Andrew H. Bond, Ph.D. - COO & Co-Founder, DeNovX

DeNovX

Description: 

The ways in which fundamental research informs applied research are frequently tortuous and discontinuous between the time of knowledge acquisition and its deployment, but the benefits of cross fertilization in multidisciplinary research and development teams are clear and critical to solving the most pressing challenges in the modern sciences. Four scientific vignettes will be presented to illustrate a multidisciplinary approach to problem solving along with the foundational characteristics of thinking innovatively, persevering, and executing that are vital to success in the scientific entrepreneurial venture.

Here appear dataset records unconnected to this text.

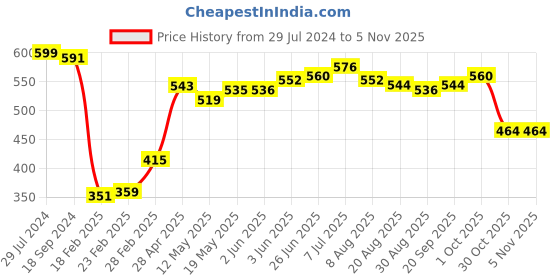 firstcry.com Babyoye 100% Cotton Interlock Knit Footed Diaper Legging Playground Print Pack Of 2 - Blue babyoye Price History Graph from 29 Jul 2024 to 2 Nov 2025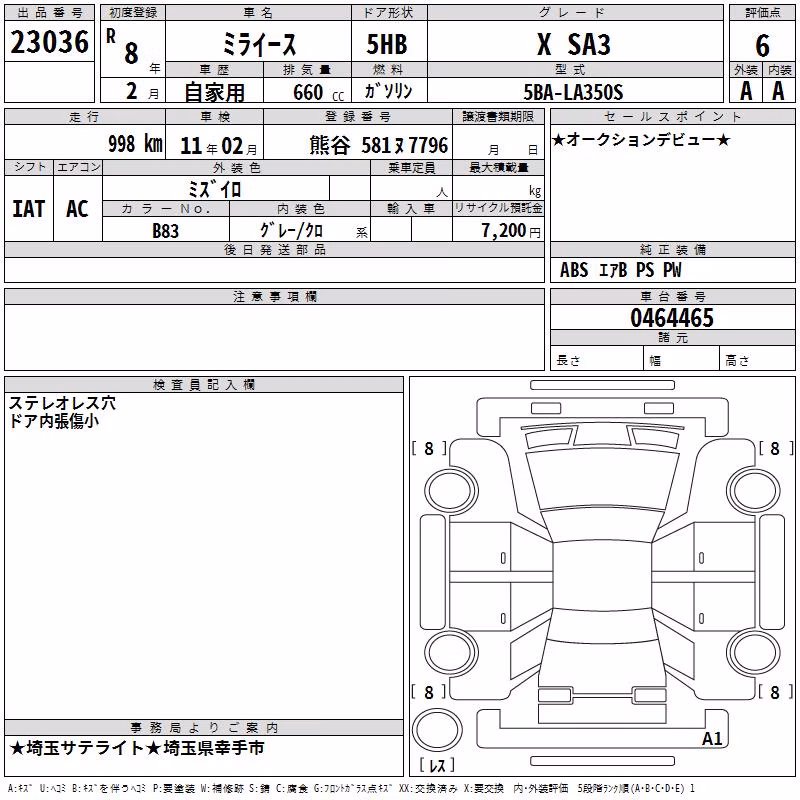 DAIHATSU MIRA E:S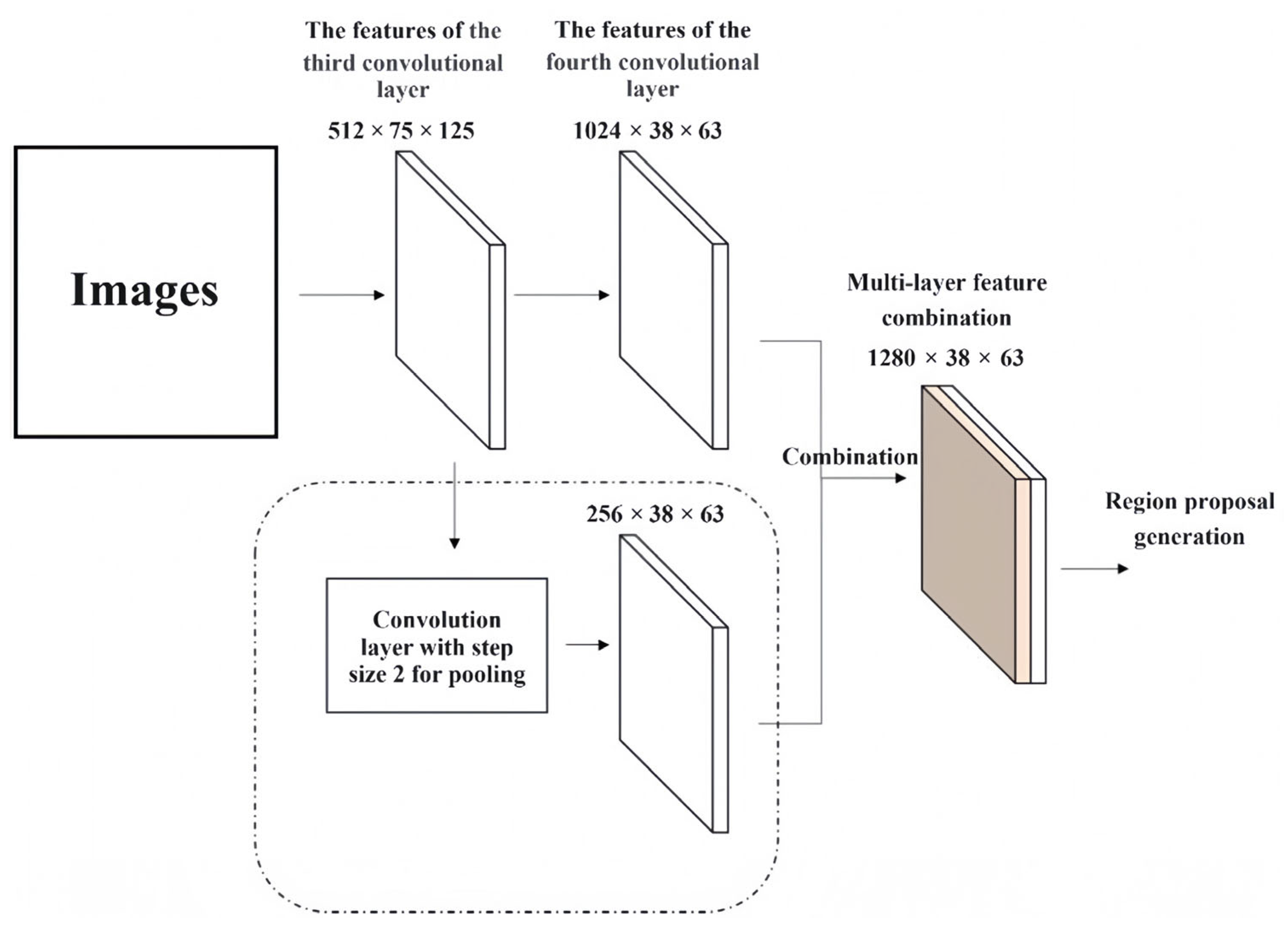 Sensors 24 02650 g001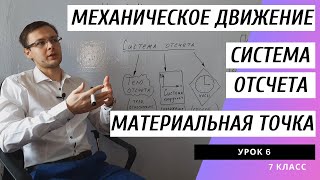 Урок 6. Механическое движение. Система отсчета. Материальная точка. Относительность движения. Физика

Examples will be drawn from: (1) fundamental studies of Bi(III) structural coordination chemistry with cyclic and acyclic polyether ligands and how these informed future work in therapeutic nuclear medicine; (2) an innovative adaptation of the poorly understood and highly undesirable phenomenon of solvent extraction third phase formation to the process-scale purification of the ​cis-syn-cis​ and ​cis-anti-cis​ isomers of 4,4’(5’)-di-​t​-butylcylcohexano-18-crown-6, which is an important extractant in radioactive waste management; (3) bucking convention in nuclear medicine generator design to more efficiently produce radionuclides of unparalleled chemical and radionuclidic purity by using the concept of selectivity inversion; and (4) the development of new surface science approaches to improving the crystallization of proteins and small molecule active pharmaceutical ingredients for crystallographic characterization, purification, and manufacturing activities. A few best practices (less elegantly known as hard-learned lessons) for the entrepreneurial scientist will be communicated throughout.